Fraction ÷ Fraction (Matching) Order 4 · 6.NS.A.1	Correctly matches all three problems to their answers (2, 6, 10) and can verify each by multiplying back.	Correctly matches all three problems.	Matches at least two of the three correctly.	Cannot match correctly; fewer than two correct.
Fraction ÷ Whole Number Order 5 · 6.NS.A.1	Correctly solves 2/3 ÷ 4 = 1/6 in lowest terms; explains that dividing a fraction by a whole number makes it smaller.	Correctly solves 2/3 ÷ 4 = 1/6 in lowest terms.	Sets up correctly but does not reduce to lowest terms (e.g., writes 2/12).	Cannot set up or solve fraction divided by a whole number.
Reasoning Backwards Order 6 · 6.NS.A.1	Correctly identifies 1/8 pan as the serving size; explains the reasoning (1/2 ÷ 4 = 1/8).	Correctly selects 1/8 pan.	Shows understanding that the serving size should be small but selects incorrect answer.	Cannot reason backwards from the quotient to the divisor.

Teacher Answer Key (click to expand)

Order 1 — 1 ÷ 1/4: 1 whole tray cut into 1/4-sized pieces = 4 cookies.

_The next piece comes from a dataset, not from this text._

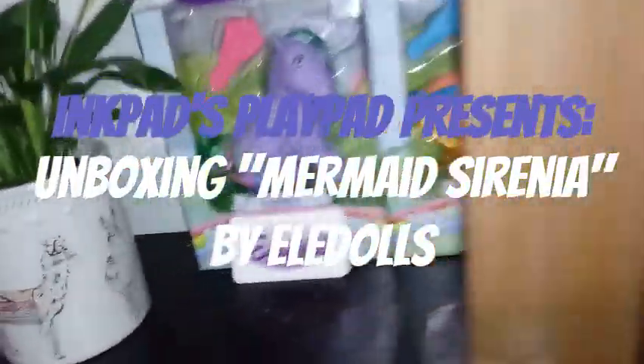Hey everybody! I'm back with another Eldol unboxing. Yes, I'm completely obsessed.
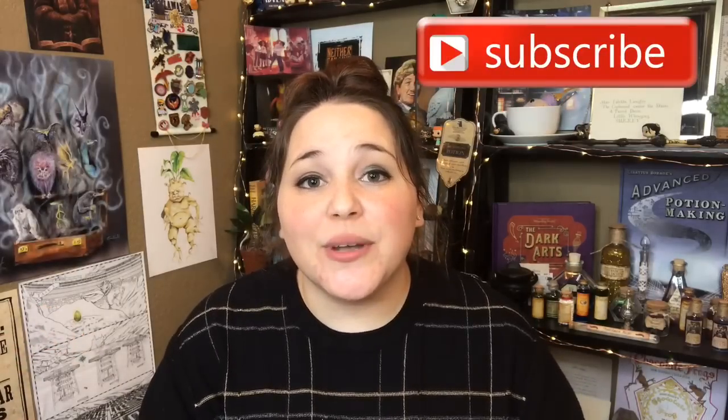As always, you guys will have to let me know what you think in the comments down below. Thank you guys so much for watching. If you liked this video, give it a thumbs up. And if you're new to my channel, hey, welcome — feel free to hit that subscribe button if you want to join my small community of Harry Potter lovers and bookworms. And I will see y'all next time. Bye, guys!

Keep–change–flip: 1 × 4/1 = 4.
Order 2 — Reciprocal of 1/8: Flip numerator and denominator → 8/1 (also written as 8). 3/4 ÷ 1/8 = 3/4 × 8/1 = 24/4 = 6.
Order 3 — 6 ÷ 3/4: Keep 6, change ÷ to ×, flip 3/4 to 4/3: 6 × 4/3 = 24/3 = 8 bags.
Order 4 — Matching: 1/2 ÷ 1/4 = 1/2 × 4/1 = 4/2 = 2. 3/4 ÷ 1/8 = 3/4 × 8/1 = 24/4 = 6. 5/6 ÷ 1/12 = 5/6 × 12/1 = 60/6 = 10.
Order 5 — 2/3 ÷ 4: Keep 2/3, change ÷ to ×, flip 4 to 1/4: 2/3 × 1/4 = 2/12. Simplify: GCF(2,12) = 2, so 2/12 = 1/6.
Order 6 — Serving size for 1/2 ÷ x = 4: Solving: x = 1/2 ÷ 4 = 1/2 × 1/4 = 1/8. Each serving = 1/8 pan. Check: 1/2 ÷ 1/8 = 1/2 × 8 = 8/2 = 4. ✓

Sample reflection: "Dividing fractions means finding how many equal groups of the second fraction fit inside the first. Keep–change–flip works because multiplying by the reciprocal is the same as dividing. This is like asking 'how many 1/4-cup scoops fit in 3/4 cup?' — the answer is 3."

Reflection

Answer in 2–3 sentences:

Explain in your own words: why does dividing a fraction by a fraction sometimes give an answer bigger than the original fraction? Use an example from the bakery orders to support your explanation.

Type your reflection here (included when you save as PDF):

Deliverable: Complete all 6 orders above, then click Check My Work. After your results appear, click Save as PDF or Save as DOC to download a copy with your name and score. Turn in that file.